» **Task objective**
Report back the lines in this listing that carry the string "image".

___ Records shown

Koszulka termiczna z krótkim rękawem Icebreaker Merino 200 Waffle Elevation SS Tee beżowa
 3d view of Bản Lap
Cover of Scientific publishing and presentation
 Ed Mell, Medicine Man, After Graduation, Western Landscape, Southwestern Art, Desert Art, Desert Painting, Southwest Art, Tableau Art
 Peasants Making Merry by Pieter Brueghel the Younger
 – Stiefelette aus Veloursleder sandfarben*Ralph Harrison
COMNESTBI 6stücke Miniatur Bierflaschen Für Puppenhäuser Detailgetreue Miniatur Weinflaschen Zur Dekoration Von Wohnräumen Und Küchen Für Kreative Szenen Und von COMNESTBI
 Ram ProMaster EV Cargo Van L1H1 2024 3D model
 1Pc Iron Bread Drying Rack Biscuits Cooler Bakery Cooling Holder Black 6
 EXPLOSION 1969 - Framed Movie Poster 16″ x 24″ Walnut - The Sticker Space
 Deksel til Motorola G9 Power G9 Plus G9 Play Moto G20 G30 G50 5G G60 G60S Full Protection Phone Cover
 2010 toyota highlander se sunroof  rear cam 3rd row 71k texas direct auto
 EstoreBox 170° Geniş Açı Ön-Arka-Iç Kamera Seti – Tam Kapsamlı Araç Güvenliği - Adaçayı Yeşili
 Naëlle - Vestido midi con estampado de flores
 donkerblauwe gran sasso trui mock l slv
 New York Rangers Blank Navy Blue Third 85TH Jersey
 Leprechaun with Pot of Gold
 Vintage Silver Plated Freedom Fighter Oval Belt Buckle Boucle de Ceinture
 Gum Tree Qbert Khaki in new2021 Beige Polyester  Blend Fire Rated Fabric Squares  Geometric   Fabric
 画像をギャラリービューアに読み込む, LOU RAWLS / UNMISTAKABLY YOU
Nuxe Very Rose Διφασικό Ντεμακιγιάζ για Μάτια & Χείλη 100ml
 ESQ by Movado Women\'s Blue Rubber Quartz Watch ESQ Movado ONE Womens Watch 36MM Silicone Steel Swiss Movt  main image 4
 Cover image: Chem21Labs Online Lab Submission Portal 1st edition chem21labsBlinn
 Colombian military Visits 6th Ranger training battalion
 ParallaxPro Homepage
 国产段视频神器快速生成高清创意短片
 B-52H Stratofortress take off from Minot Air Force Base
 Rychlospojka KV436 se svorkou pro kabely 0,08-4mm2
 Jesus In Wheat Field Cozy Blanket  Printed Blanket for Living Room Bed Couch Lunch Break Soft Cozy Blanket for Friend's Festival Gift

______

» **Expected answer**
 ESQ by Movado Women\'s Blue Rubber Quartz Watch ESQ Movado ONE Womens Watch 36MM Silicone Steel Swiss Movt  main image 4
 Cover image: Chem21Labs Online Lab Submission Portal 1st edition chem21labsBlinn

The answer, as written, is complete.